|  | 
			
			
			
					
					
			
				
					
						
	I mean... it is linear in speed,  it's just nonlinear in energy.
		
			
			
				
					  Originally Posted by OngBonga   I thought it was b/h, but that's because I assumed the scale from 0 to 1 was linear. 
 Max height of an object in projectile  motion is a measurement of it's total mechanical energy (simplified to Potential + Kinetic, here).  It is at rest  in a potential energy field at some distance h from what we've chosen  to call 0.  At height 0, we model that 100% of its potential energy is turned into kinetic energy.  That part of the model is linear in energy.
 
 At the elastic collision, we have a speed that is before and after.  The COR is linear in this speed ratio, with 1 being a perfectly elastic collision, and 0 being a perfectly inelastic collision.
 
 Then we're back into the projectile motion regime and it's linear in energy again, with total energy constant.
 
 
 
	
		
			
			
				
					  Originally Posted by OngBonga   But still, assuming ideal conditions with perfect elasticity and no other influences, the answer is still a COR of 1, I believe. The ball bounces to precisely to the same location from where it was dropped. Fun fact - the ground also falls slightly towards the ball, and then bounces back the same distance it fell, which gives it a COR of 1 too.  Rereading the original question, you got it.
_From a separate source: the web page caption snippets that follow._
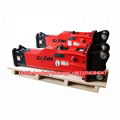 Made in china hydraulic rock breaker wheel digging rock breaker for construction 5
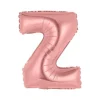 BALLON ALUMINIUM LETTRE Z 36CM ROSE GOLD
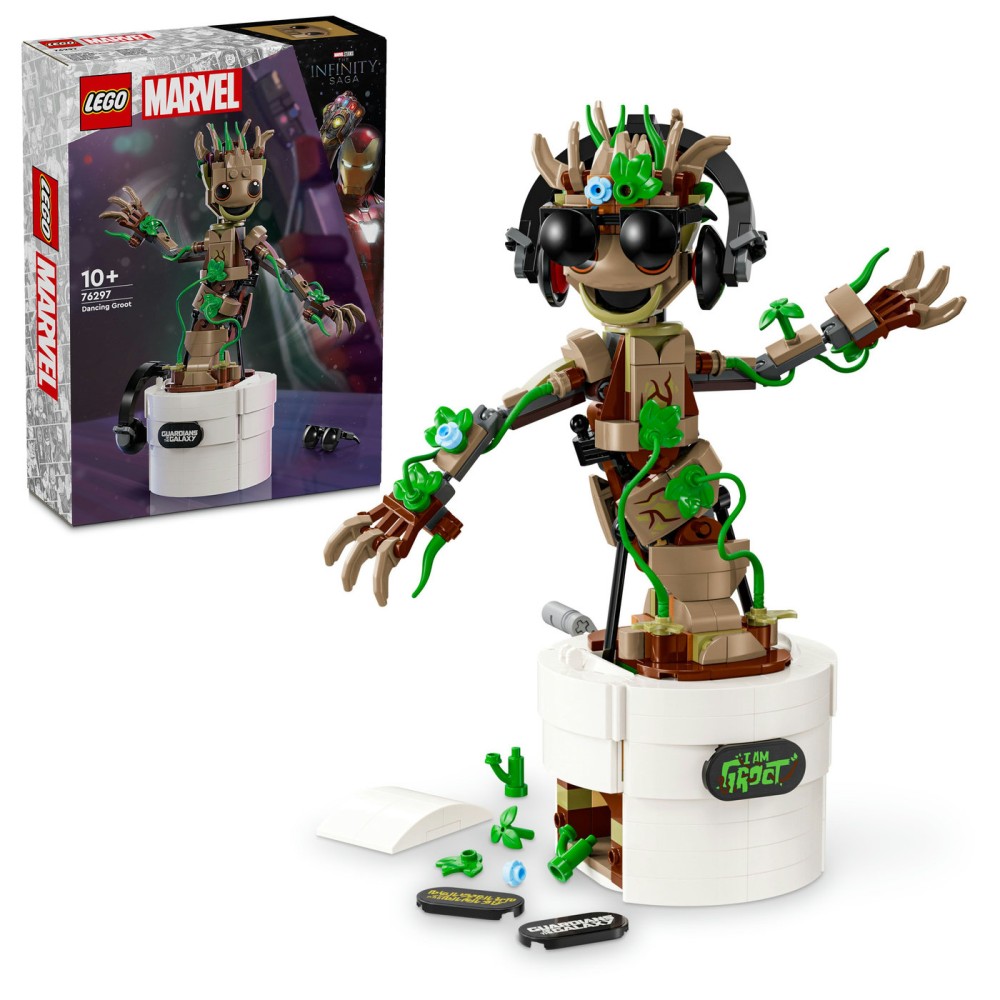 LEGO® Marvel Šokantis Grūtas Konstruojamas žaislas 76297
 Saying the ball is perfectly elastic is one thing, but the ground itself wasn't said, and the ball-ground interaction is what's under scrutiny.
 But if we assume the ground is perfectly rigid, then the ball being perfectly elastic seals the deal.  COR = 1.
 
 It's kinda a trick question because perfect elasticity means COR = 1, and knowing how to calculate COR when b != h is a red herring.
 
 
 
 
	By assuming the ground's mass is "much much greater" than the ball, we also assume it's much much greater than our own mass, as well.
		
			
			
				
					  Originally Posted by OngBonga   I don't believe so. We have three masses, because "you" are dropping the ball. In effect, we're assuming the ground's mass is infinite; it is un-accelerate-able, and a suitable place to attach a Newtonian inertial reference frame.
 
 Which, as you say, is an absurd approximation.
 Or is it?
 The Earth's mass is dozens of orders of magnitude higher than my mass, which is assumed to be within a couple orders of magnitude of the ball.
 
 If we're assuming the reason the ball accelerates is due to gravity, then the assumption that we're on a roughly Earth-sized planet seems apt.  Under those conditions, the fault in our approximation will show up only dozens of decimal places deep.  So we're technically wrong, but not measurably wrong.  So the wrongness is quantified as "acceptable."
 
 
 
	In that sense, all knowledge is absurd.
		
			
			
				
					  Originally Posted by OngBonga   Even if we have perfect elasticity, an absurd concept in its own right, we have a third gravity influence altering the velocity of both the ball and ground. 
 Perfect elasticity isn't entirely absurd, no more than any other model (guess / approximation) of reality.
 
 Think of 2 magnets' like poles repelling each other.
 Mostly, what is deformed that is the origin of the force?
 The magnetic field.
 The (electro)magnetic field is perfectly elastic.  Any energy put into deforming it is given back in full.
 
 
 
	Precisely 0 is perfectly inelastic, when the ball sticks to the wall.
		
			
			
				
					  Originally Posted by OngBonga   Infinite mass? The COR of a ball "bouncing" off an infinite mass is surely precisely zero. The "after" speed is 0, and that goes in the numerator of the COR fraction.
 
 
 
	Provided the given statement that the balls a perfectly elastic, yes.
		
			
			
				
					  Originally Posted by OngBonga   See above. It does matter because other objects in the universe mean non-uniform gravitational influences. But if we assume a perfectly isolated system, with a ghost dropping the ball onto a much much larger ball (not actually important, balls can be same size), made of the same perfectly elastic material with perfectly uniform density, and everything else being perfect so there is only ball ground and bounce, then it's COR=1 surely. 
 If the origin of the force that causes the acceleration during the bounce is the deformation of macroscopic objects (like balls), then the COR will always be less than 1.  The deformation will cause some internal heating, which is energy lost from the mechanical interaction.